IV - Le jury est composé de personnes indépendantes des participants au concours. Lorsqu'une compétence particulière est exigée pour participer au concours, le jury comprend pour un tiers au moins de ses membres ayant voix délibérative des personnes ayant la même compétence ou une compétence équivalente.

V - Les prestations sont transmises de manière anonyme au jury. Celui-ci les analyse, en vérifie la concormité au cahier des charges du contrat en en propose un classement fondé sur les critères d'appréciation indiqués dans l'avis d'appel public à la concurrence.

Il dresse un procès-verbal dans lequel il relate les circonstances de son examen et formule un avis motivé sur le ou les lauréats du concours. Ce procès-verbal est transmis à l'autorité compétente qui décide du ou des lauréats du concours.

Article 9

I. - La personne qui se propose de conclure un contrat communique, dans un délai de quinze jours à partir de la réception de la demande, à tout candidat ou soumissionnaire qui en fait la demande par écrit, les motifs du rejet de sa candidature ou de son offre ainsi que le nom de l'attributaire.

Elle communique également aux candidats ou soumissionnaires qui en font la demande par écrit les motifs de la décision qui l'ont conduite à ne pas attribuer ou notifier le contrat ou à recommencer la procédure. L'Office des publications officielles des communautés européennes est informé de cette décision.

II. - Un procès-verbal est établi pour chaque contrat. il comporte au moins:

a) Le nom et l'adresse de la personne qui se propose de conclure le contrat, l'objet et la valeur du contrat ;

b) Les noms des candidats ou soumissionnaires retenus et la justification de leur choix ;

c) Les noms des candidats ou soumissionnaires exclus et les motifs du rejet de leur candidature ou de leur offre ;

d) Le nom de l'attributaire et la justification du choix de son offre ainsi que, si elle est connue, la part qu'il a l'intention de sous-traiter à des tiers ;

e) La justification du recours à l'un des cas de procédure négociée prévus aux articles 11 et 12 du présent décret.
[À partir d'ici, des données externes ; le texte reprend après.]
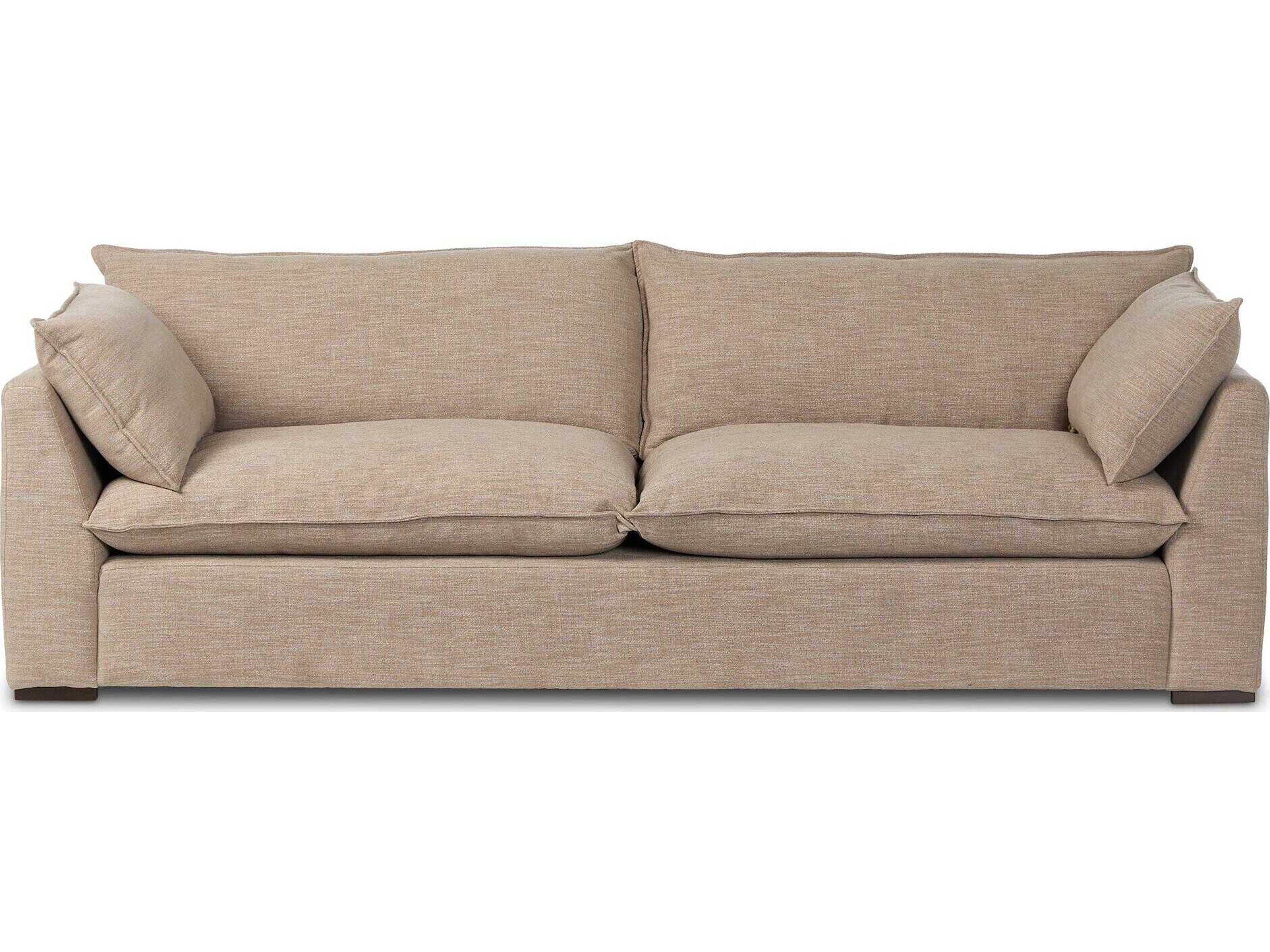 Four Hands Centrale Kosa Beige Upholstered Sofa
Ce procès-verbal ou les principaux points de celui-ci sont communiqués à la Commission des communautés européennes sur sa demande.

Article 10

Les spécifications techniques sont définies par la personne qui se propose de conclure un contrat par référence aux normes homologuées ou à d'autres normes applicables en France en vertu d'accords internationaux, dans les conditions et limites prévues au décret du 26 janvier 1984 susvisé.

Article 10-1

(Décret n° 98-112 du 27 février 1998, art. 5)

Lorsque la nature ou la complexité des prestations le justifie, la personne qui se propose de conclure le contrat peut demander que le prestataire de services justifie d'un dispositif destiné à assurer la qualité des prestations fournies, établi sur la base de système d'assurance qualité fondés sur les séries de normes européennes EN ISO 9000.

Cette justification peut être apportée par la production de certificats établis par des organismes indépendants accrédités, le cas échéant dans d'autres Etats membres, sur la base des normes européennes de la série EN 45000 ou par d'autres preuves équivalentes de garantie de la qualité.